- [pdf] [supp]
VirtualHome Action Genome: A Simulated Spatio-Temporal Scene Graph Dataset With Consistent Relationship Labels
Spatio-temporal scene graph generation is an essential task in household activity recognition that aims to identify human-object interactions. Constructing a dataset with per-frame object region and consistent relationship annotations requires extremely high labor costs. Existing datasets sparsely annotate frames sampled from videos, resulting in the lack of dense spatio-temporal correlation in videos. Additionally, existing datasets contain inconsistent relationship annotations, leading to the problem of learning ambiguous temporal associations. Moreover, existing datasets mainly discuss relationships that can be inferred from a single frame, ignoring the significance of temporal associations. To resolve those issues, we created a simulated dataset with per-frame consistent annotations and introduced a range of relationships requiring both spatial and temporal context.
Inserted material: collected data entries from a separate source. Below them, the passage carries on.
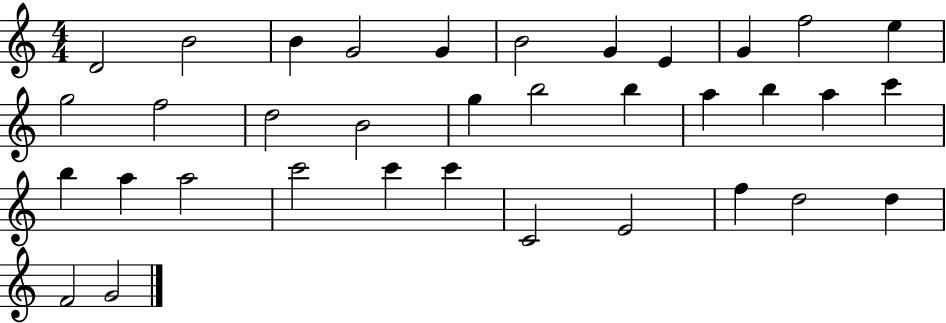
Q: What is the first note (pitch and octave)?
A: D4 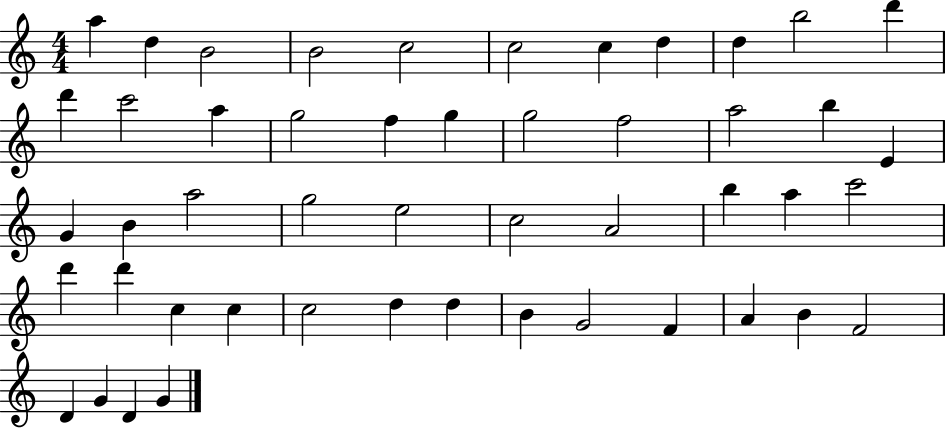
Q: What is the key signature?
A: C major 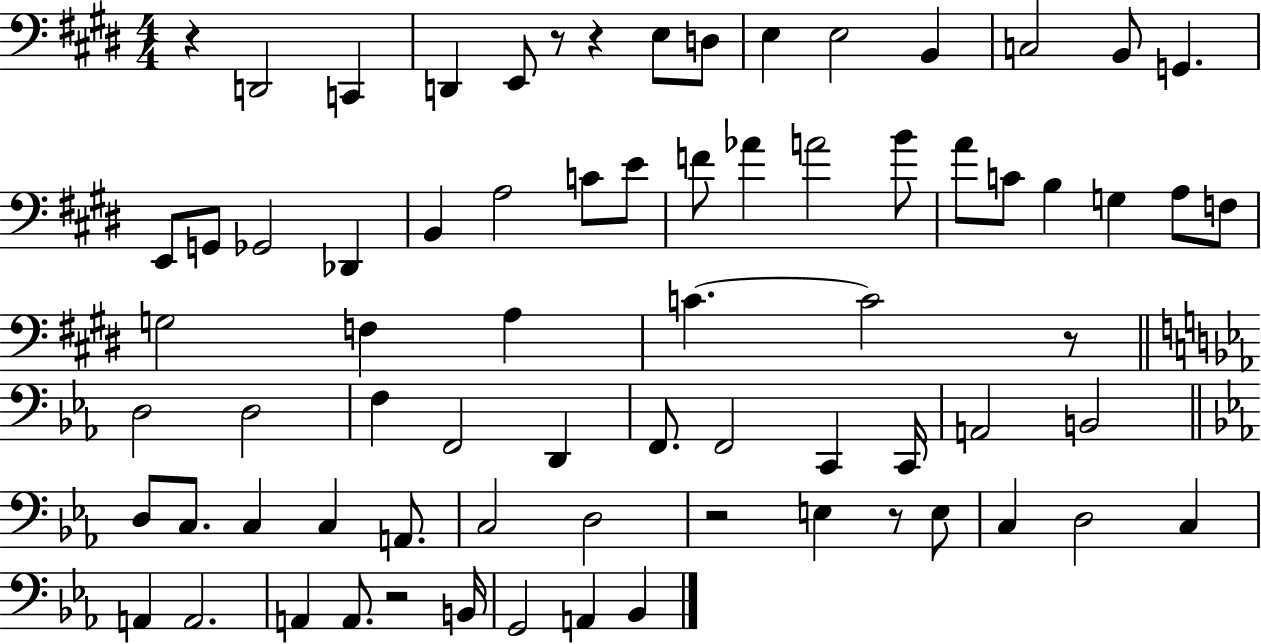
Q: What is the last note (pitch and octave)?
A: Bb2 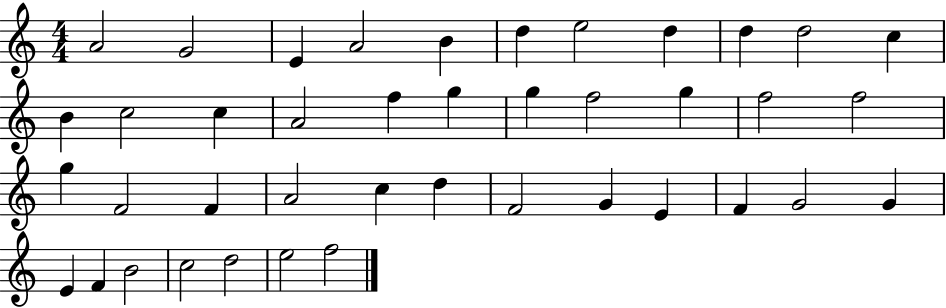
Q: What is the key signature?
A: C major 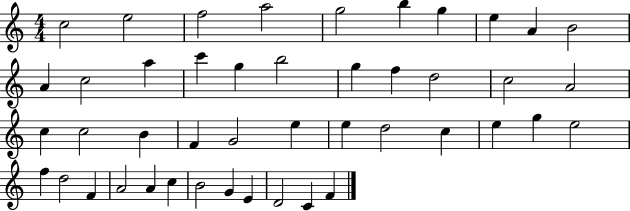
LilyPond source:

{
  \clef treble
  \numericTimeSignature
  \time 4/4
  \key c \major
  c''2 e''2 | f''2 a''2 | g''2 b''4 g''4 | e''4 a'4 b'2 | \break a'4 c''2 a''4 | c'''4 g''4 b''2 | g''4 f''4 d''2 | c''2 a'2 | \break c''4 c''2 b'4 | f'4 g'2 e''4 | e''4 d''2 c''4 | e''4 g''4 e''2 | \break f''4 d''2 f'4 | a'2 a'4 c''4 | b'2 g'4 e'4 | d'2 c'4 f'4 | \break \bar "|."
} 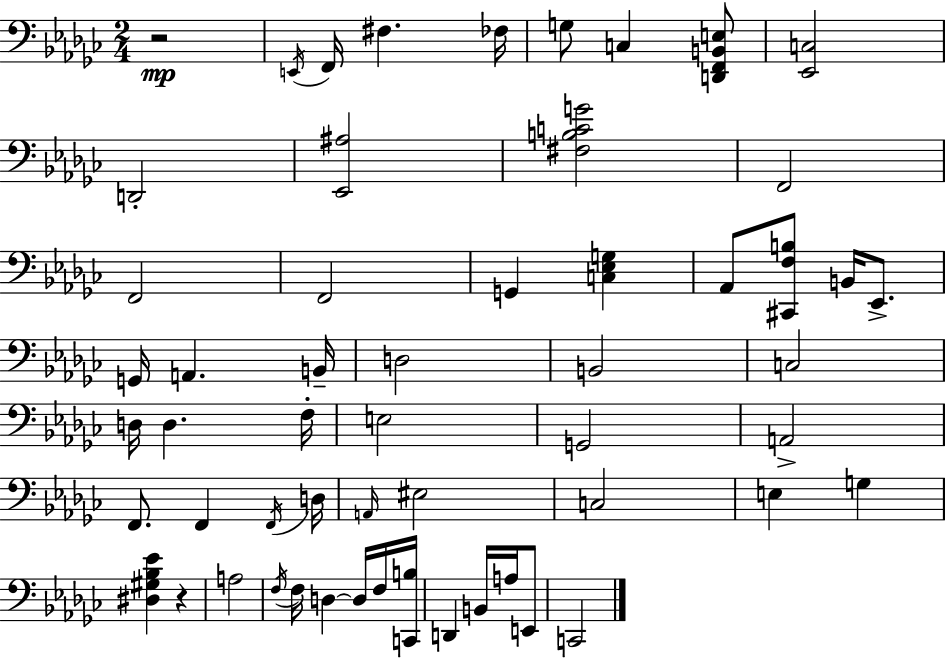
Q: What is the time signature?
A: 2/4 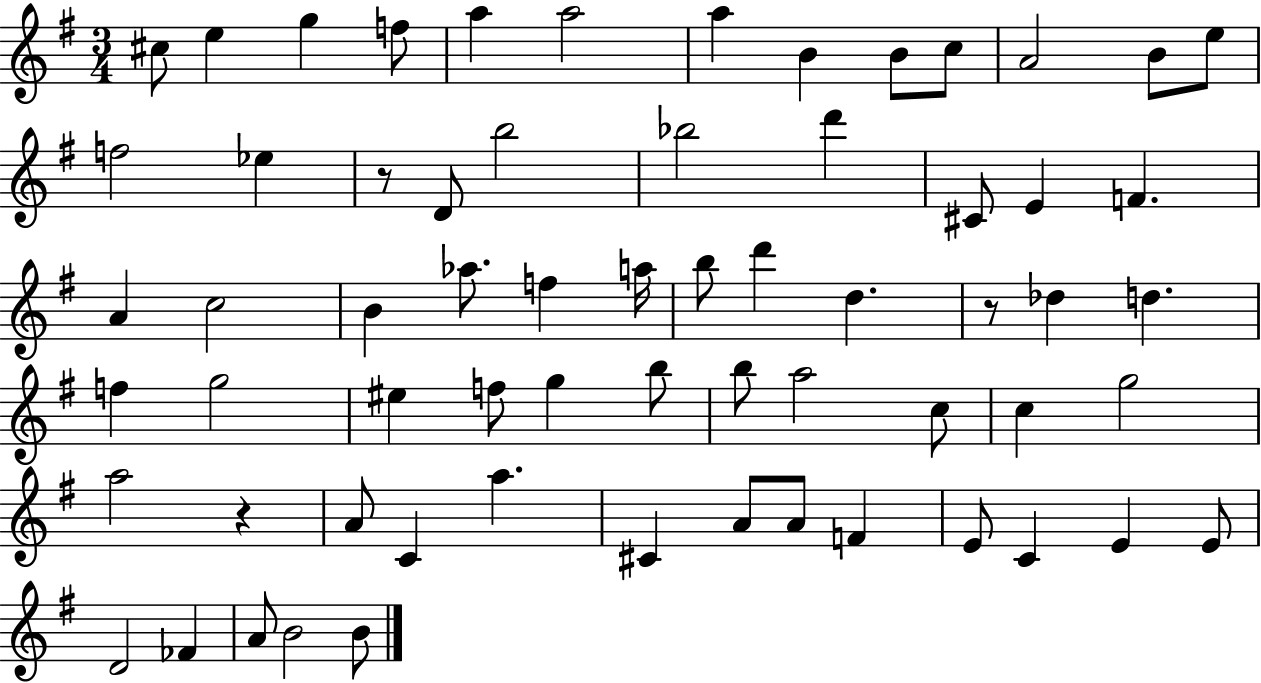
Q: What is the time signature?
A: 3/4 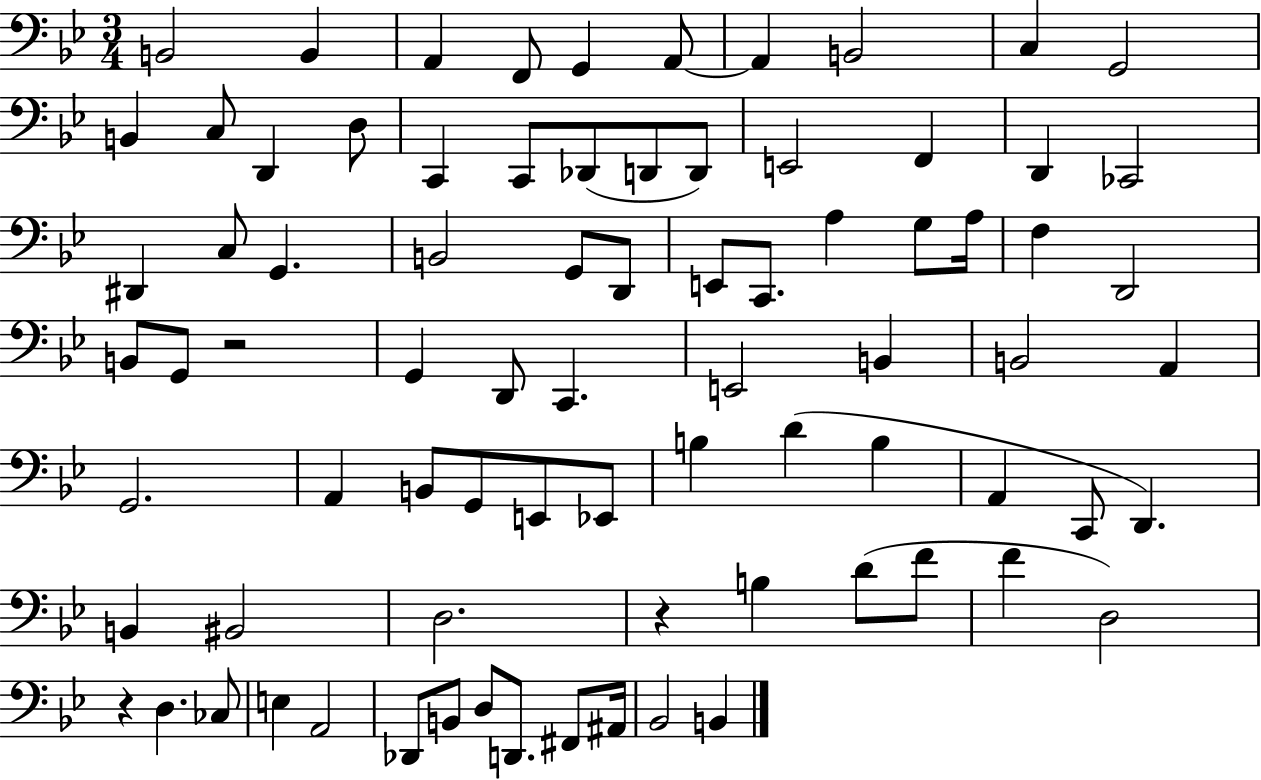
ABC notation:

X:1
T:Untitled
M:3/4
L:1/4
K:Bb
B,,2 B,, A,, F,,/2 G,, A,,/2 A,, B,,2 C, G,,2 B,, C,/2 D,, D,/2 C,, C,,/2 _D,,/2 D,,/2 D,,/2 E,,2 F,, D,, _C,,2 ^D,, C,/2 G,, B,,2 G,,/2 D,,/2 E,,/2 C,,/2 A, G,/2 A,/4 F, D,,2 B,,/2 G,,/2 z2 G,, D,,/2 C,, E,,2 B,, B,,2 A,, G,,2 A,, B,,/2 G,,/2 E,,/2 _E,,/2 B, D B, A,, C,,/2 D,, B,, ^B,,2 D,2 z B, D/2 F/2 F D,2 z D, _C,/2 E, A,,2 _D,,/2 B,,/2 D,/2 D,,/2 ^F,,/2 ^A,,/4 _B,,2 B,, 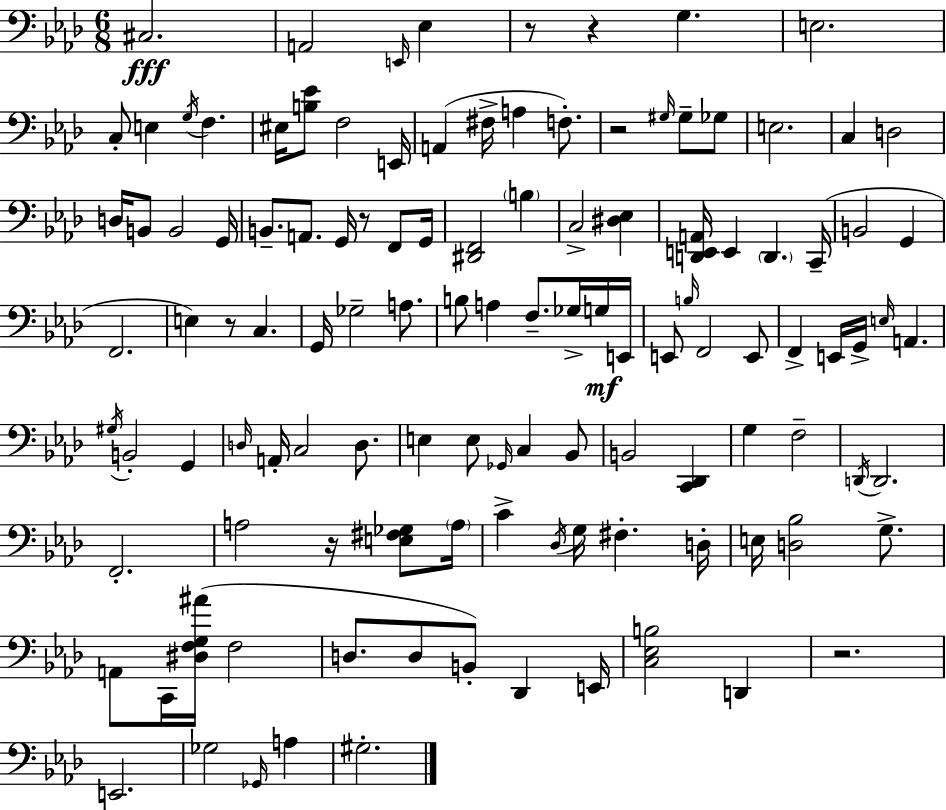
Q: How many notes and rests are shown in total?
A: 117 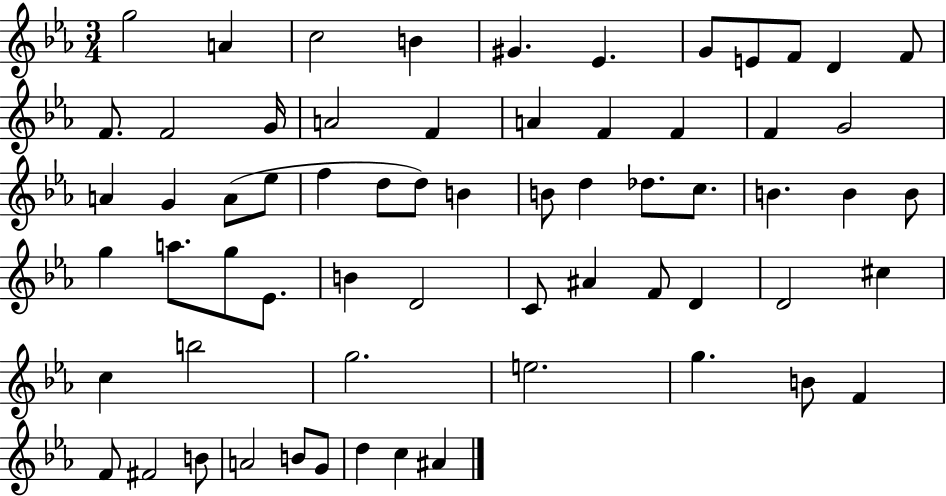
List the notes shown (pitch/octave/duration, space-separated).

G5/h A4/q C5/h B4/q G#4/q. Eb4/q. G4/e E4/e F4/e D4/q F4/e F4/e. F4/h G4/s A4/h F4/q A4/q F4/q F4/q F4/q G4/h A4/q G4/q A4/e Eb5/e F5/q D5/e D5/e B4/q B4/e D5/q Db5/e. C5/e. B4/q. B4/q B4/e G5/q A5/e. G5/e Eb4/e. B4/q D4/h C4/e A#4/q F4/e D4/q D4/h C#5/q C5/q B5/h G5/h. E5/h. G5/q. B4/e F4/q F4/e F#4/h B4/e A4/h B4/e G4/e D5/q C5/q A#4/q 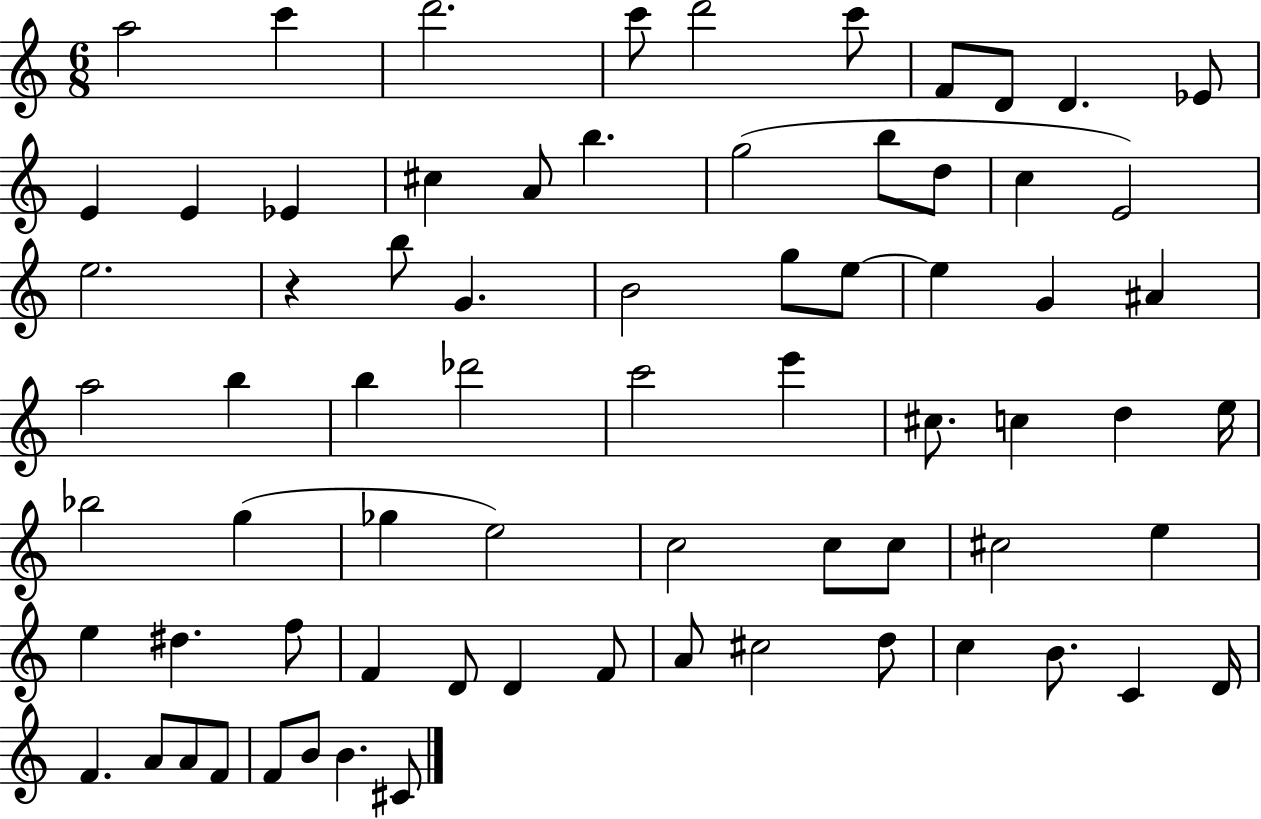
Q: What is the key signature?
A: C major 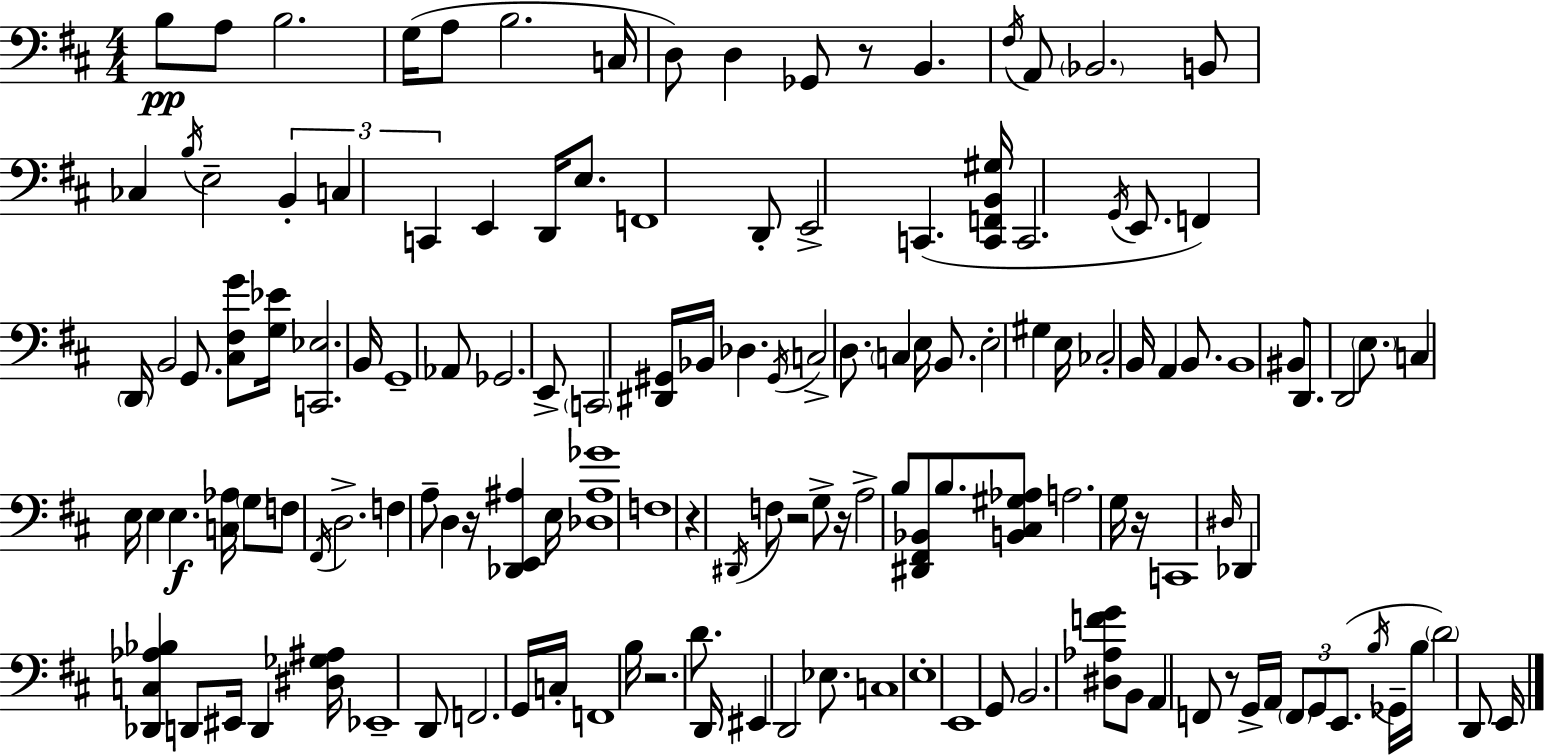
{
  \clef bass
  \numericTimeSignature
  \time 4/4
  \key d \major
  \repeat volta 2 { b8\pp a8 b2. | g16( a8 b2. c16 | d8) d4 ges,8 r8 b,4. | \acciaccatura { fis16 } a,8 \parenthesize bes,2. b,8 | \break ces4 \acciaccatura { b16 } e2-- \tuplet 3/2 { b,4-. | c4 c,4 } e,4 d,16 e8. | f,1 | d,8-. e,2-> c,4.( | \break <c, f, b, gis>16 c,2. \acciaccatura { g,16 } | e,8. f,4) \parenthesize d,16 b,2 | g,8. <cis fis g'>8 <g ees'>16 <c, ees>2. | b,16 g,1-- | \break aes,8 ges,2. | e,8-> \parenthesize c,2 <dis, gis,>16 bes,16 des4. | \acciaccatura { gis,16 } c2-> d8. \parenthesize c4 | e16 b,8. e2-. gis4 | \break e16 ces2-. b,16 a,4 | b,8. b,1 | bis,8 d,8. d,2 | \parenthesize e8. c4 e16 e4 e4.\f | \break <c aes>16 \parenthesize g8 f8 \acciaccatura { fis,16 } d2.-> | f4 a8-- d4 r16 | <des, e, ais>4 e16 <des ais ges'>1 | f1 | \break r4 \acciaccatura { dis,16 } f8 r2 | g8-> r16 a2-> b8 | <dis, fis, bes,>8 b8. <b, cis gis aes>8 a2. | g16 r16 c,1 | \break \grace { dis16 } des,4 <des, c aes bes>4 d,8 | eis,16 d,4 <dis ges ais>16 ees,1-- | d,8 f,2. | g,16 c16-. f,1 | \break b16 r2. | d'8. d,16 eis,4 d,2 | ees8. c1 | e1-. | \break e,1 | g,8 b,2. | <dis aes f' g'>8 b,8 a,4 f,8 r8 | g,16-> a,16 \tuplet 3/2 { \parenthesize f,8 g,8 e,8.( } \acciaccatura { b16 } ges,16-- b16 \parenthesize d'2) | \break d,8 e,16 } \bar "|."
} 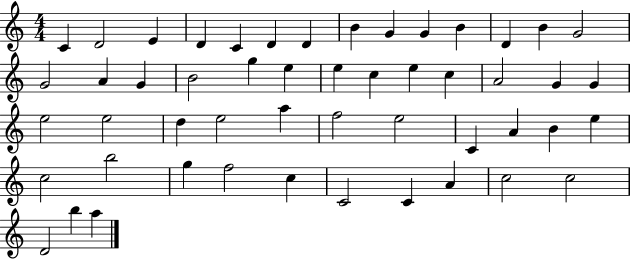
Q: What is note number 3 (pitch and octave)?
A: E4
Most existing methods explore spatial correlations within single images and do not explicitly consider the dynamic changes across frames. Therefore, we proposed a tracking-based approach that explicitly grasps spatio-temporal human-object interactions while simultaneously localizing humans and objects. Our proposed approach achieved state-of-the-art performance on scene graph generation and outperformed existing methods in scene graph localization by large margins on the proposed dataset. Moreover, the experiments show the efficacy of pre-training on the proposed dataset while adapting to a previous benchmark consisting of real daily videos, indicating the potential of the proposed dataset in real-world scenarios.